El de la memoria personal es un ejercicio incoercible: los que habían sido objeto de opresión durante el franquismo no necesitaban que llegase Zapatero para ser conscientes de los valores que habían defendido y del abuso que entrañó su castigo. Antes de la muerte del dictador, la memoria había de discurrir por cauces, por así llamarlos, interiores. Con el ingreso de las libertades públicas fue posible escribir libros que denunciaran los abusos, afiliarse a partidos que encarnaban los valores perseguidos, y celebrar conmemoraciones y fiestas en honor de los muertos, encarcelados o exiliados. ¿Qué puede añadir el Estado, aparte de reparaciones materiales y reconocimientos simbólicos?

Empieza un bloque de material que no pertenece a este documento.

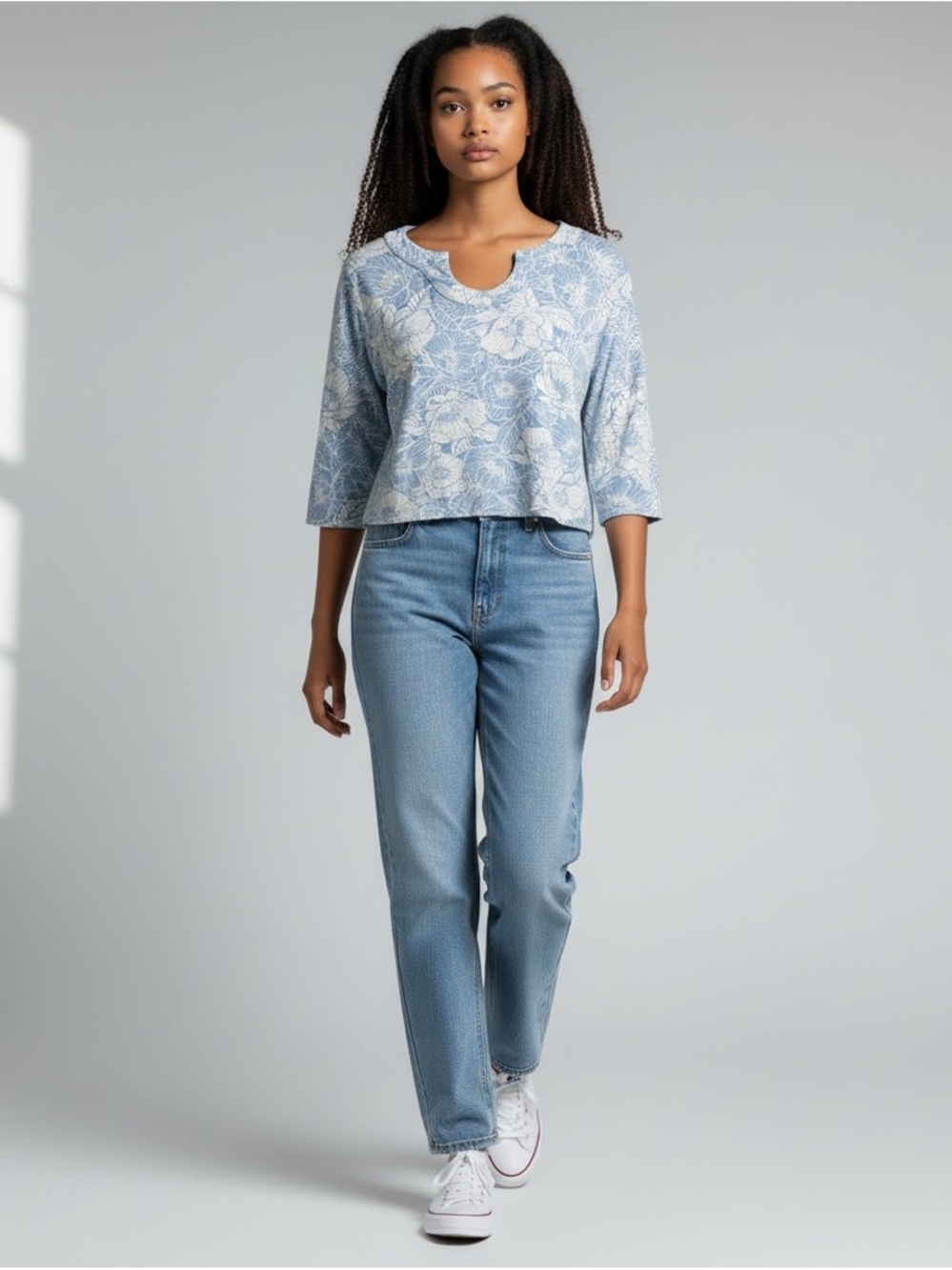 Heart of Palm Light Blue Floral Top size 1X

La curiosa respuesta de este Gobierno es que puede aportar una ley. Una ley a la que le falta, ¡ay!, la eficacia de una ley. O sea, una ley virtual. El alemán ha acuñado una voz muy elocuente para lo que nosotros llamamos «trampantojo»: «Scheinarchitektur», «arquitectura simulada». La arquitectura simulada finge perspectivas en una superficie plana. Nos invita a incursiones en que perderemos las narices, porque las paredes son impenetrables aunque el ojo nos sugiera lo contrario. Esta ley es también un trampantojo: declara ilegítimos a los tribunales que dictaron las sentencias, pero no anula las sentencias. Tiene razón ERC cuando sostiene que la ley es una broma. Y la tiene el PP cuando asevera que se trata de una ley inoportuna, amén de tonta.
Es inoportuna porque no elude rehabilitaciones polémicas e incompatibles con el espíritu de reconciliación nacional que presuntamente la anima; es inoportuna porque podría disparar el agravio emulador; es inoportuna porque es innecesaria; y es inoportuna porque insinúa que la historia no ha sido lo que ha sido.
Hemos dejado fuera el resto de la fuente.